Rex Credit Company, Inc., named payee in a promissory note made by Charles Kirsch and William Donnaud, prays for judgment against Kirsch for the unpaid balance alleged to be due on the note together with interest and attorney's fees as stipulated in the note. It is alleged that the note was originally for $300 and was payable in installments of $25 each due on the twenty-first day of each month, commencing with the payment which was due on September 21st, 1940, and that the first four installments have been paid, but that the amount due on January 21st, 1941, was not paid, and it is claimed that the failure to make this payment when due has, because of the acceleration clause in the note, matured all of the remaining installments and has also rendered the makers liable for an attorney's fee of 20 per cent on the total amount due.

Kirsch admits the execution of the note and that the payment which was due on January 21st, 1941, was not made on that day and that it has not since been accepted by the payee, but he avers that each of the first four payments was made several days after it became due; that the amount due on January 21st, 1941, was tendered on January 31st, 1941, and he contends that, by accepting each of the first four payments several days after it was due, plaintiff acquiesced in the establishment of a course of conduct as a result of which, it should be held to have waived its right to enforce the acceleration clause unless it should first give notice to the makers of the note of its intention to insist that in future it would strictly enforce all of the stipulations contained in the note, and particularly that it intended to take advantage of the acceleration clause should there be further tardiness in the making of installment payments.

There was judgment ordering plaintiff to accept the amount tendered in payment of the installment due on January 21st, 1941, and dismissing the suit in all other respects.
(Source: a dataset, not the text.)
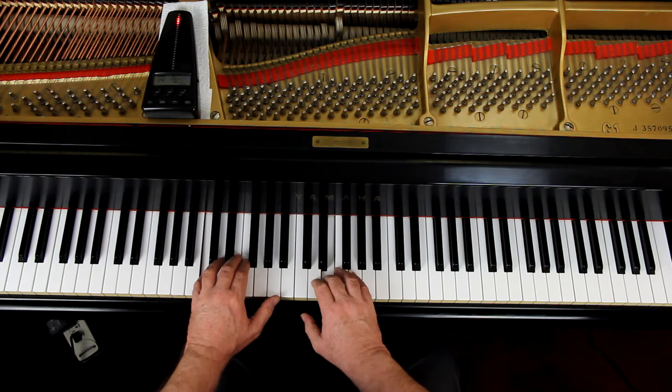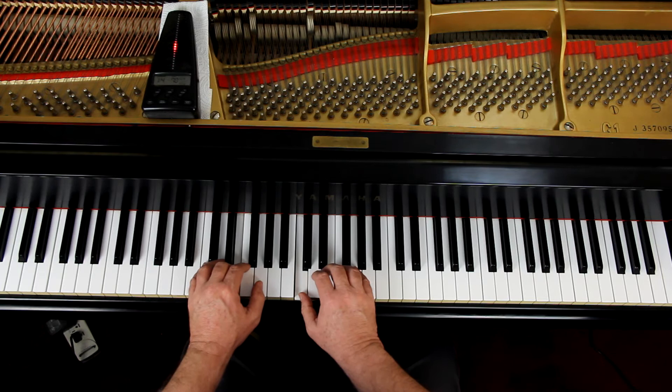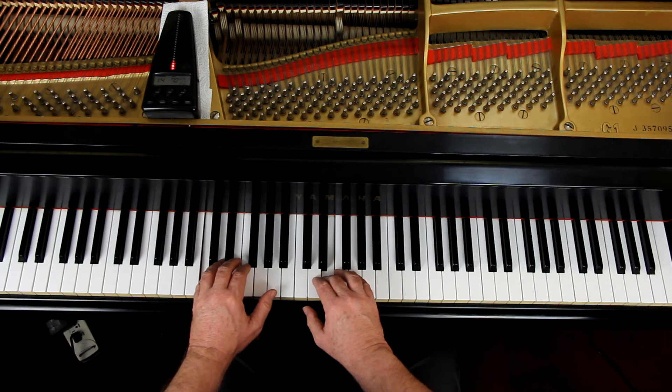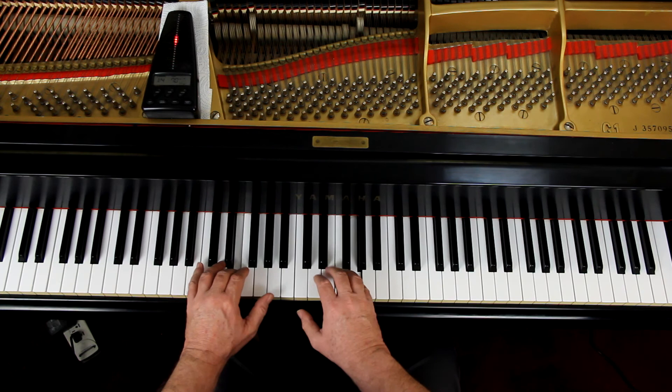One, two, ready, go. [Plays through Music Land with metronome.] Off.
Plaintiff has appealed.

There is a well-established rule in this state that where payments are due in installments, if the payee customarily permits payments to be made after the day on which they are due, there is thereby established a course of conduct from which it is proper to say that the payee by acquiescence therein has waived the right to demand that the acceleration or any similar clause be enforced. Standard Brewing Company v. Anderson, 121 La. 935, 46 So. 926, 15 Ann.Cas. 251; Shnaider v. Graffagnini,154 La. 363, 97 So. 491; Saxton v. Para Rubber Company, 166 La. 308,117 So. 235; Id., 166 La. 866, 118 So. 64; Falco v. Gilbert, 2 La.App. 71, 72; Mahan v. LaFaye, 3 La.App. 445; Wunderlich v. Simpkin, 5 La.App. 35; Gottlieb v. Schloss, 5 La.App. 379; Richardson v. American National Insurance Co., 18 La.App. 468, 137 So. 370.

Defendant insists that the facts here bring the case fully within the rule followed in those cases, and that accordingly — since plaintiff has in the past acquiesced in the customary tardiness with which the payments were made and has not given notice of its intention to insist in the future on promptness — it has lost its right to take advantage of the acceleration clause.

Plaintiff, conceding that such a rule is well established, asserts that certain special clauses contained in the note sued upon justify the making of a distinction between those cases and this one. These clauses read as follows: *West Page 799

"The makers of this note * * * agree that the time of payment hereof may be extended from time to time one or more times without notice of such extension or extensions and without previous consent * * * that no modification hereof shall be binding unless hereon endorsed in writing and signed by the parties.

"No delay on the part of the Rex Credit Co. Inc., or any future holder or holders hereof in exercising any right hereunder shall operate as a waiver of said rights."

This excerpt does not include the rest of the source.